Three words and seven letters on the cover particularly stand out, at least in terms of color. Not to worry, otherwise everything is in order – well, more or less everything. For when the American artist Lawrence Weiner, who was born in 1942 in the Bronx, New York, gives attention to something, he activates our power of imagination and addresses people’s relationships to objects. “Something to put something on” is the name of Weiner’s book, published by Steidl Verlag, which vividly shows his way of using language and at the same time proves that things are not quite as simple as they seem.

Lawrence Weiner’s preferred medium is language. Nevertheless, he describes his works as sculptures. His sentences, in large letters and always in perfect typographical form, inevitably conjure up ideas.

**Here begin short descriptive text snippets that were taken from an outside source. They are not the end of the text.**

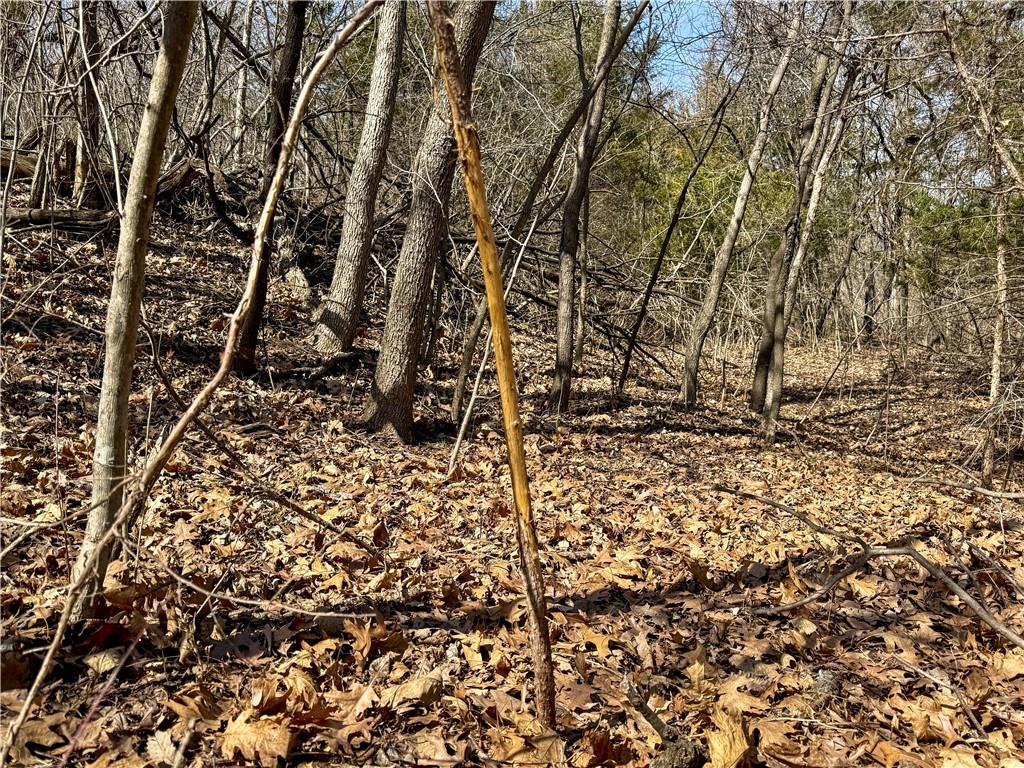 main property photo 31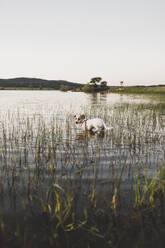 Hund im See stehend vor klarem Himmel, Evora, Portugal - FVSF00406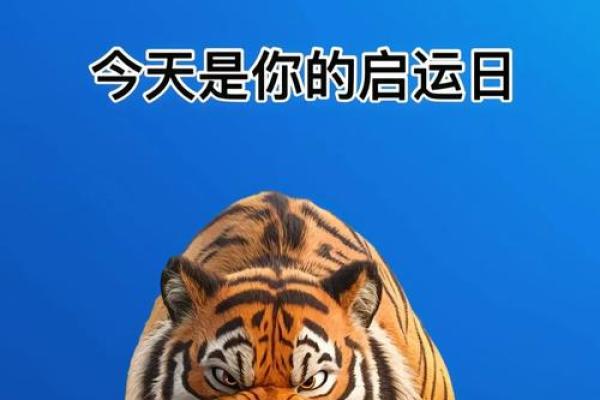 本命年虎男是否适合创业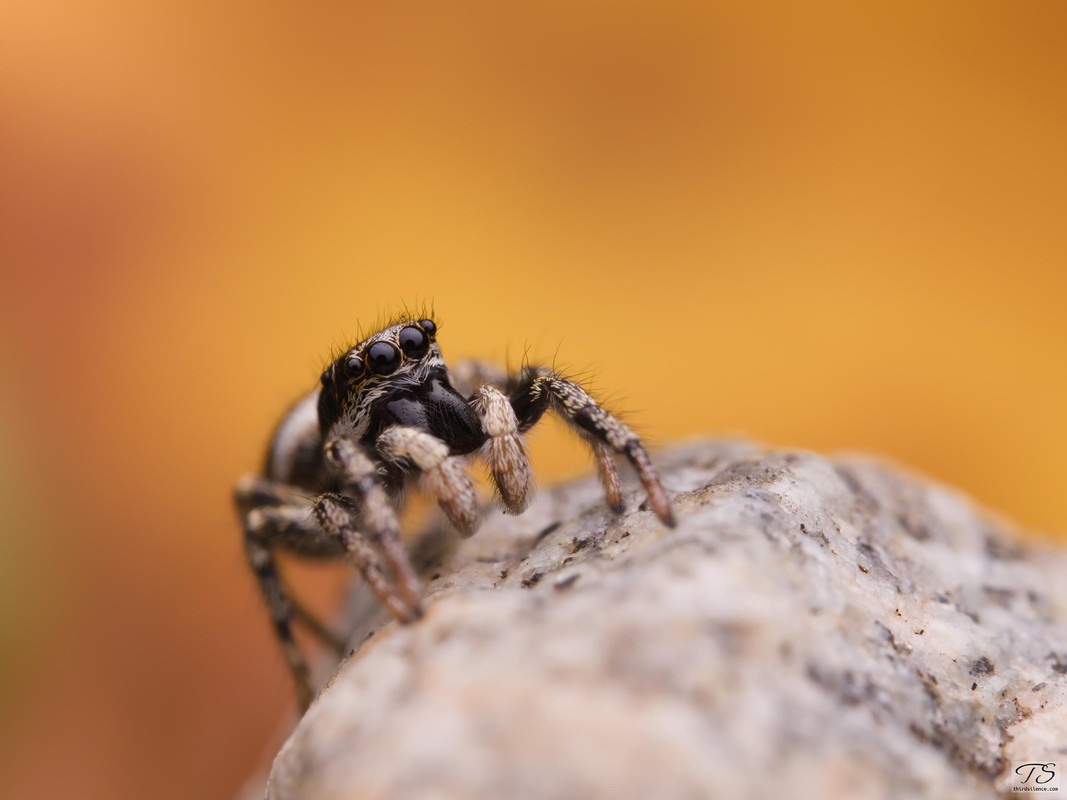 Zebra jumping spider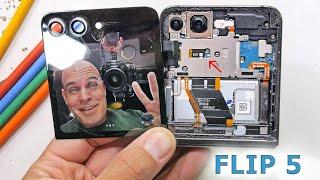 Samsung Z Flip 5 TEARDOWN - I have waited 4 Long Years...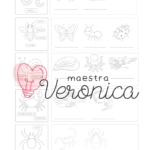 LA RESPIRAZIONE DEGLI ANIMALI – TERZA PRIMARIADigitale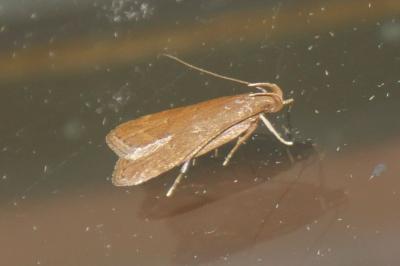Helcystogramma lutatella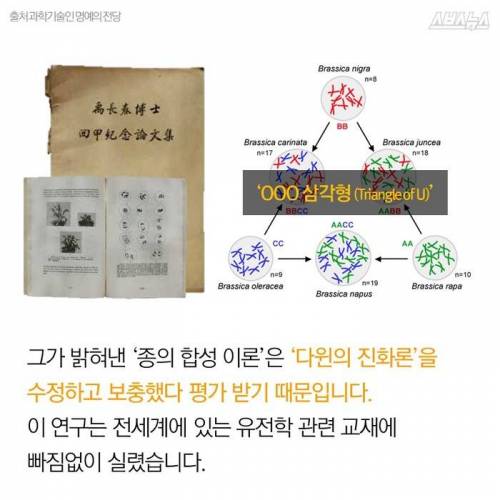 제주도 감귤의 비밀.jpg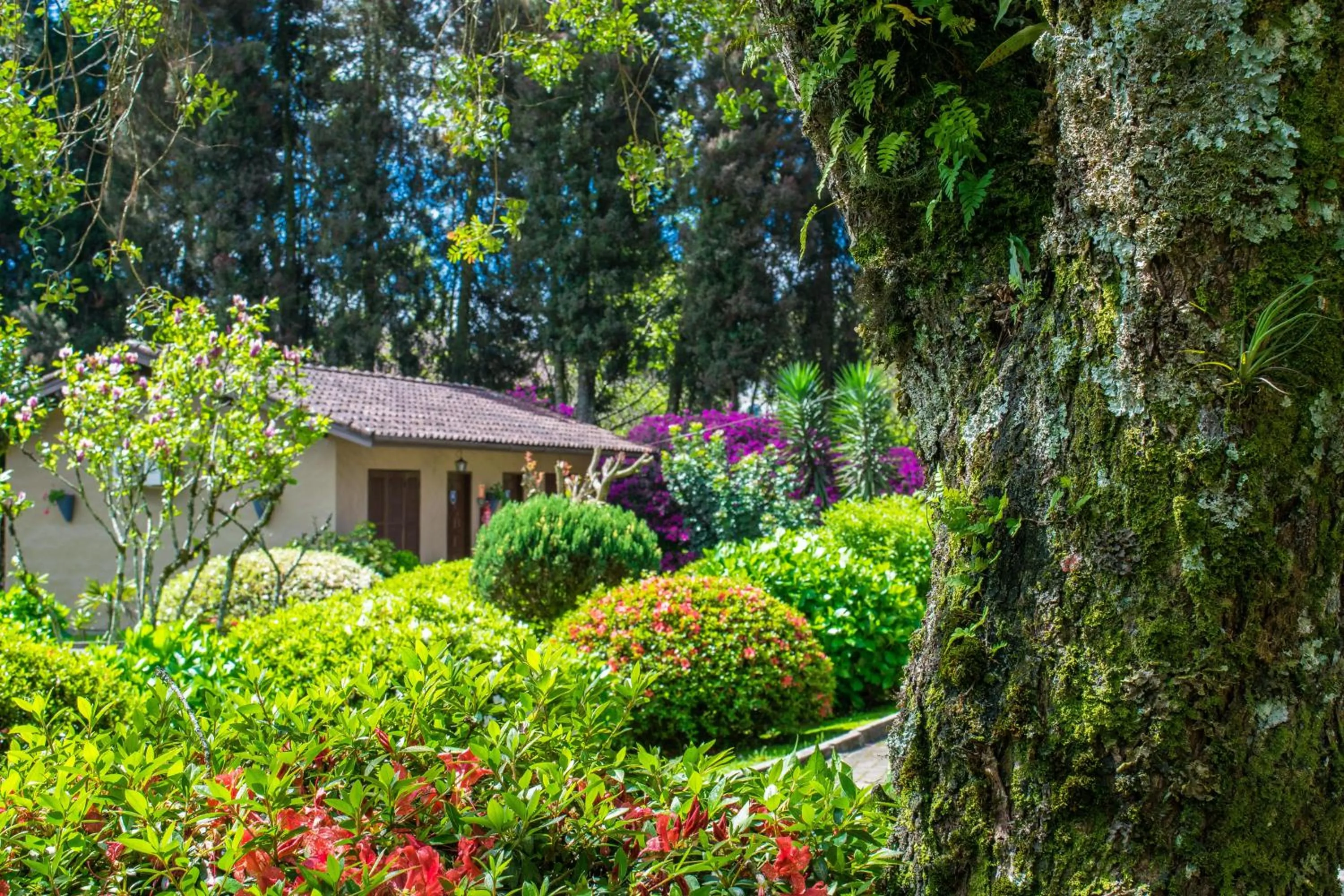 Garden in Hotel Fioreze Quero Quero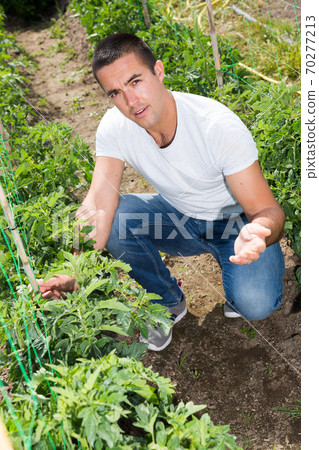 Man professional horticulturist working with tomatoes bushes in garden 70277213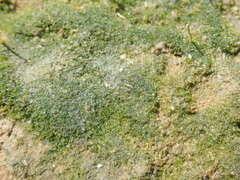 Vaucheria litorea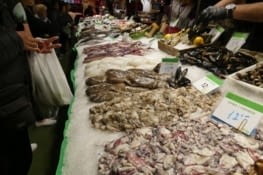 Même les étals de poissons donnent envie dès le matin ...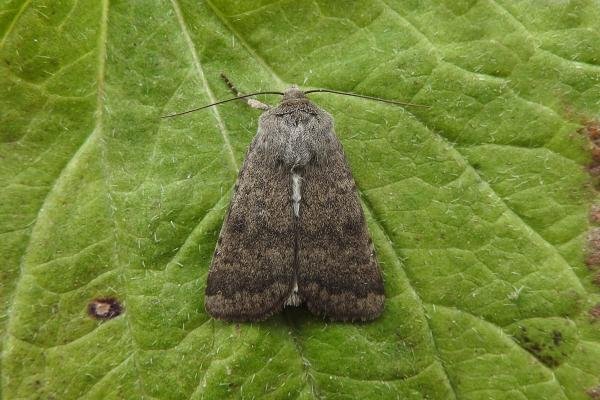 Northern Rustic (Standfussiana lucernea), adult. Taken outside Durham, 26-06-2017. Copyright Keith Dover. Northern Rustic (Standfussiana lucernea), adult. Taken outside Durham, 26-06-2017. Copyright Keith Dover.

We can see them in very different places; on the wall of a gallery, on the portico of a museum or in an exhibition hall, on a piece of paper, a T-shirt or in the middle of a public space. Weiner prefers above all commercial galleries, because there the public mostly comes directly from the street into a room where you can look around unselfconsciously. “People can find something, use it, and if not, they can do what they like, they can laugh or just leave.” He thinks the same of books: “That is the lovely thing about a book, it does not force anything on you, it only presents something. If it is useful, people will pass it on to others.”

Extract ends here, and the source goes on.